A prefeitura Municipal de Santarém, no oeste do Pará, começa a aplicar nesta quinta-feira (18), multa à empresa Resende Batista Ltda, pelo não cumprimento no prazo do contrato de operação do transporte público. A multa é de 2% ao dia sobre o valor total do contrato de R$ 1 bilhão e 50 milhões.

O limite para cobrança da multa segundo a Lei de Licitações pode chegar, no máximo, a 20% do valor do contrato. Assim, a multa diária à Resende Batista será de R$ 20 milhões, podendo chegar a R$ 200 milhões em 10 dias. No processo licitatório, o capital social declarado pela empresa foi de apenas R$ 3,5 milhões, ou seja, não daria para pagar nem o primeiro dia de multa.

Segundo o secretário municipal de Mobilidade e Trânsito, Paulo de Jesus, a cada dia da não entrega do objeto do contrato, a partir desta quinta, a empresa será notificada da aplicação da multa. O prazo para recolhimento do valor da multa é de 5 dias após a notificação da empresa.

“Vencido aí o prazo legal que a empresa teria para apresentar o objeto do contrato, a empresa começa a entrar em mora na aplicação das penalidades previstas no contrato. Nós estamos falando de uma multa milionária que será cobrada pelo município. Caso a empresa não recolha o pagamento dentro do prazo estipulado, ela será inscrita na dívida ativa”, explicou Paulo de Jesus.

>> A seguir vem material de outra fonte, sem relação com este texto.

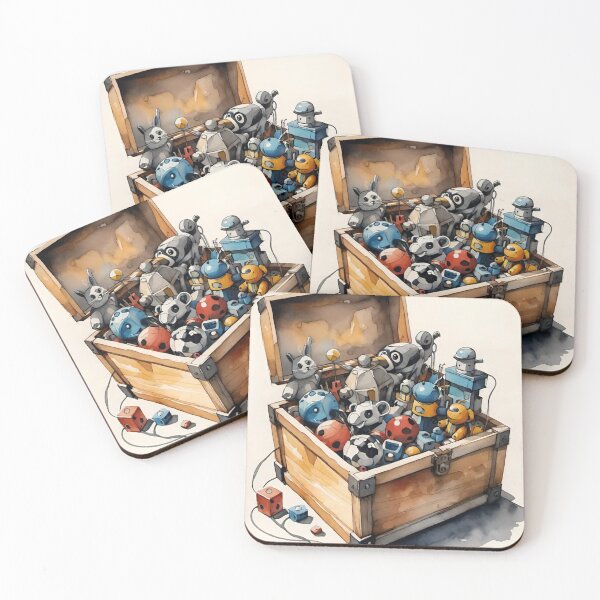Item preview, Treasures of Playtime designed and sold by Figedos10.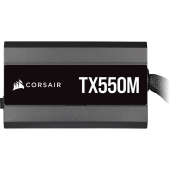 CORSAIR Półmodułowy zasilacz TX550M 550W 80+ GOLD S.MODULAR ATX EU  - CP-9020228-EU - Zdjęcie 3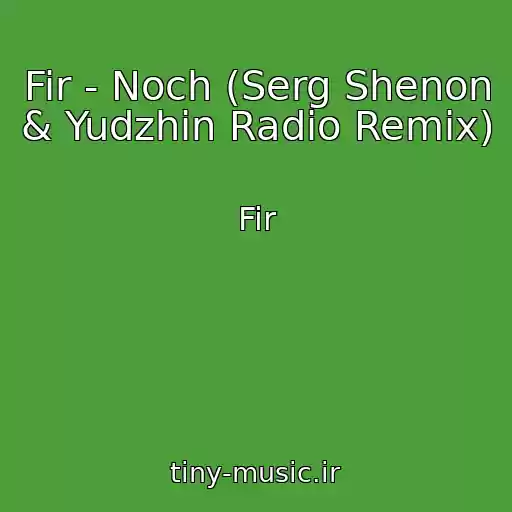 کاور آهنگ Fir - Noch (Serg Shenon & Yudzhin Radio Remix) از Fir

Sobre o pedido de prorrogação de prazo para o início da operação do sistema de transporte coletivo pela Resende Batista, o titular da SMT disse que o setor jurídico do município está analisando se há amparo legal. E acredita que somente na próxima semana o município terá uma resposta.

“Nós recebemos no dia 16, meia hora antes do início da coletiva, um pedido de prorrogação do prazo, com a proposta de apresentar os veículos seminovos em 60 dias e a cada 20 dias apresentar os novos, até 120 dias. Tudo está sendo analisado pelo setor jurídico porque precisa verificar a legalidade. Se a prorrogação do prazo for possível legalmente, precisa ver também se a empresa tem realmente capacidade para apresentar o objeto, uma vez que passados 180 dias do contrato, ela não apresentou”, pontuou Paulo de Jesus.

Perda de linhas


A Resende Batista hoje atua no município com licença provisória nas linhas Maicá e Castela, com os quatro ônibus que possui. Como consequência das penalidades pela não apresentação do objeto do contrato, ela perderá a autorização precária das duas linhas.

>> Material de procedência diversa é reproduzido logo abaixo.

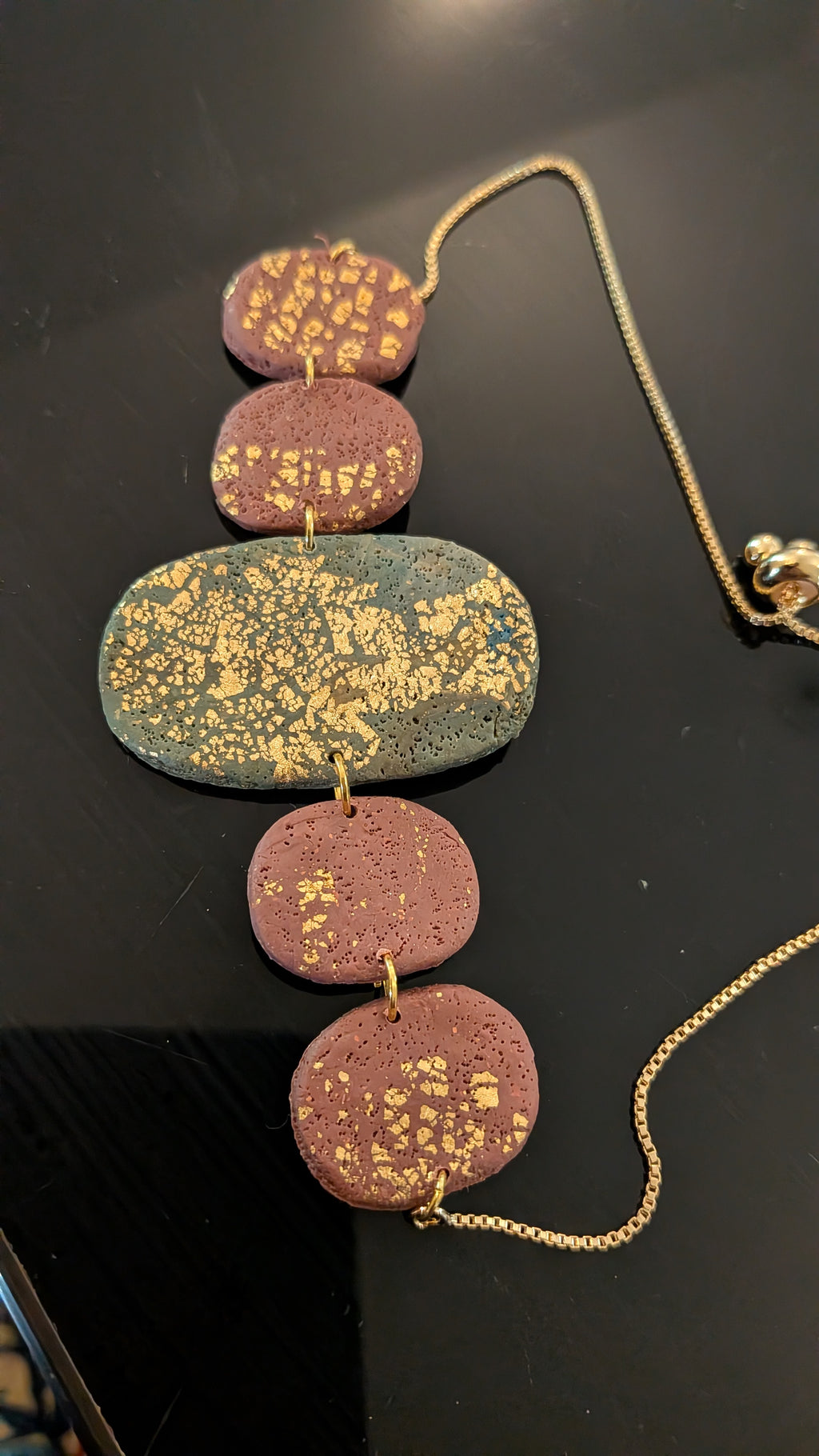 Stone age Golden Series - Bracelet 1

“Se ao final dos 30 dias de prazo para execução do contrato, a Resende Batista não começar a operar com 100 ônibus (sendo 50 novos e 50 seminovos), ela será declarada inidônea e não poderá contratar com o poder público pelo prazo de 5 anos, e também não poderá mais operar nas linhas Maicá e Castela, sendo designada outra empresa para atender os usuários das duas áreas”, finalizou Paulo de Jesus.